Using OpenCV and Tesseract for OCR on Image ROIs

Click the above “Beginner’s Visual Learning” to choose to add a bookmark or “pin

Important information delivered immediately

Using OpenCV and Tesseract for OCR on Image ROIs

In this article, we will apply OCR on the selected region of an image using OpenCV. By the end of this article, we will be able to apply automatic orientation correction to the input image, select the region of interest, and apply OCR to the selected area.

This article is based on Python 3.x and assumes that we have installed Pytesseract and OpenCV. Pytesseract is a Python wrapper library that uses the Tesseract engine for OCR. Therefore, if we have not installed the Tesseract engine, please download and install it from https://github.com/UB-Mannheim/tesseract/wiki and properly set the TESSDATA_PREFIX environment variable and the path variable.

Diving into the code, let’s start by importing the required libraries:

# Importing necessary libraries
import numpy as np
import cv2
import math
from scipy import ndimage
import pytesseract

Now, let’s read the image file into Python using OpenCV’s imread() method.

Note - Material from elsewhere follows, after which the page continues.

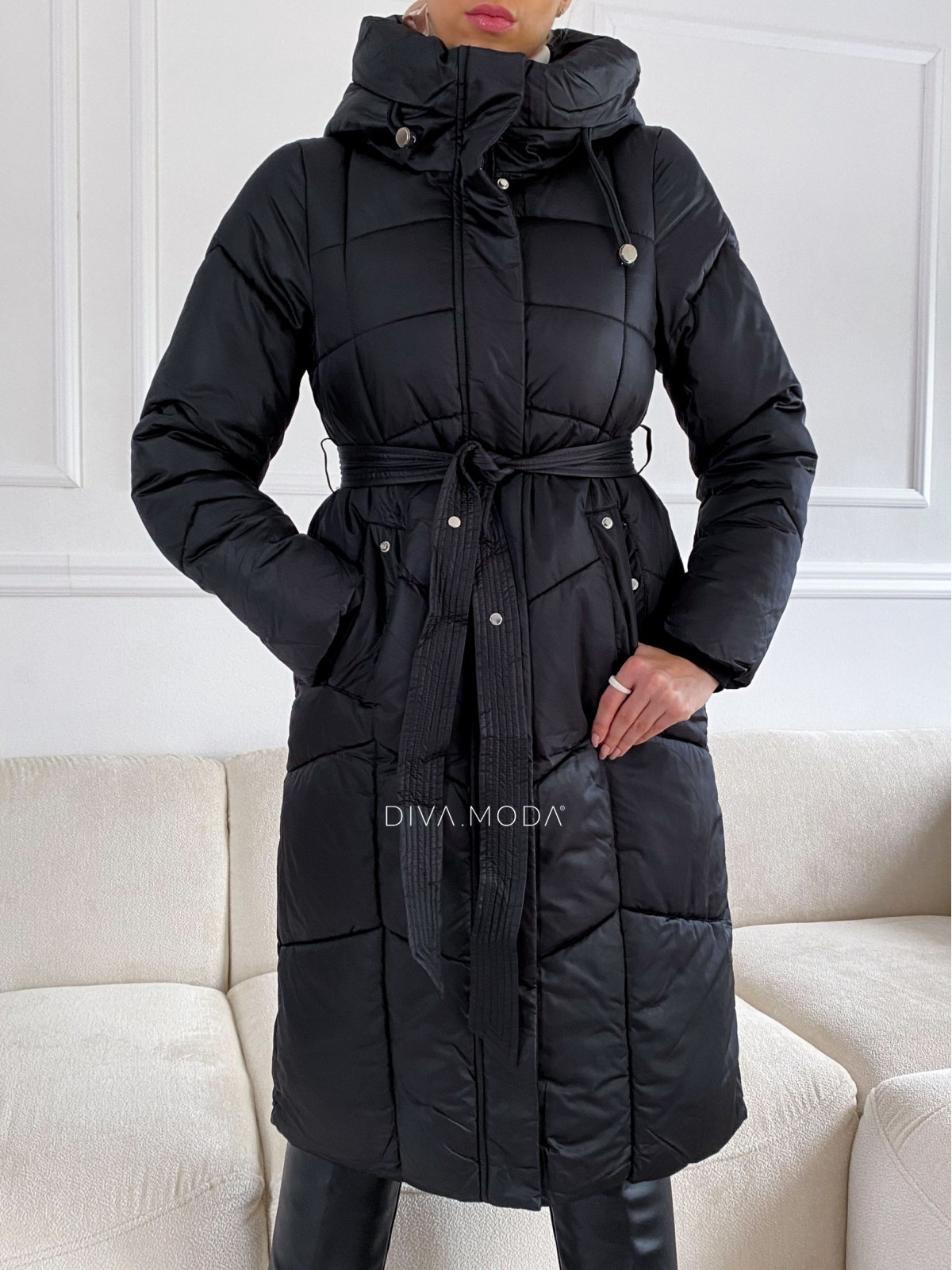 Zimná bunda s rukavicami čierna S 67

IMAGE_FILE_LOCATION = "test_image.jpg"  # Photo by Amanda Jones on Unsplash
input_img = cv2.imread(IMAGE_FILE_LOCATION)  # image read

Using OpenCV and Tesseract for OCR on Image ROIs

Before directly extracting the region of interest, let’s check its orientation, as we often notice that the orientation of documents or images is incorrect, leading to poor OCR results. So now we will adjust the orientation of the input image to ensure better OCR results.

Here, we apply two algorithms to detect the orientation of the input image: the Canny algorithm (for edge detection) and HoughLines (for line detection).

We then measure the angles of the lines and take the median of these angles to estimate the orientation angle. We will rotate the image by this median angle to convert it to the correct orientation for further steps.

Don’t worry, OpenCV can accomplish this task with just a few lines of code!

###################################################################################################### ORIENTATION CORRECTION/ADJUSTMENT
def orientation_correction(img, save_image = False):    # GrayScale Conversion for the Canny Algorithm  
    img_gray = cv2.cvtColor(img, cv2.COLOR_BGR2GRAY)     # Canny Algorithm for edge detection was developed by John F. Canny not Kennedy!! :)
    img_edges = cv2.Canny(img_gray, 100, 100, apertureSize=3)    # Using Houghlines to detect lines
    lines = cv2.HoughLinesP(img_edges, 1, math.pi / 180.0, 100, minLineLength=100, maxLineGap=5)
    # Finding angle of lines in polar coordinates
    angles = []
    for x1, y1, x2, y2 in lines[0]:
        angle = math.degrees(math.atan2(y2 - y1, x2 - x1))
        angles.append(angle)
    # Getting the median angle
    median_angle = np.median(angles)
    # Rotating the image with this median angle
    img_rotated = ndimage.rotate(img, median_angle)
    if save_image:
        cv2.imwrite('orientation_corrected.jpg', img_rotated)
    return img_rotated
#####################################################################################################
img_rotated = orientation_correction(input_img)

Using OpenCV and Tesseract for OCR on Image ROIs

Image after orientation adjustment

The next step is to extract the region of interest from the image.

Therefore, we first set up an event listener for the mouse, allowing users to select the region of interest. Here, we set two conditions: one for the left mouse button pressed and the other for the left mouse button released.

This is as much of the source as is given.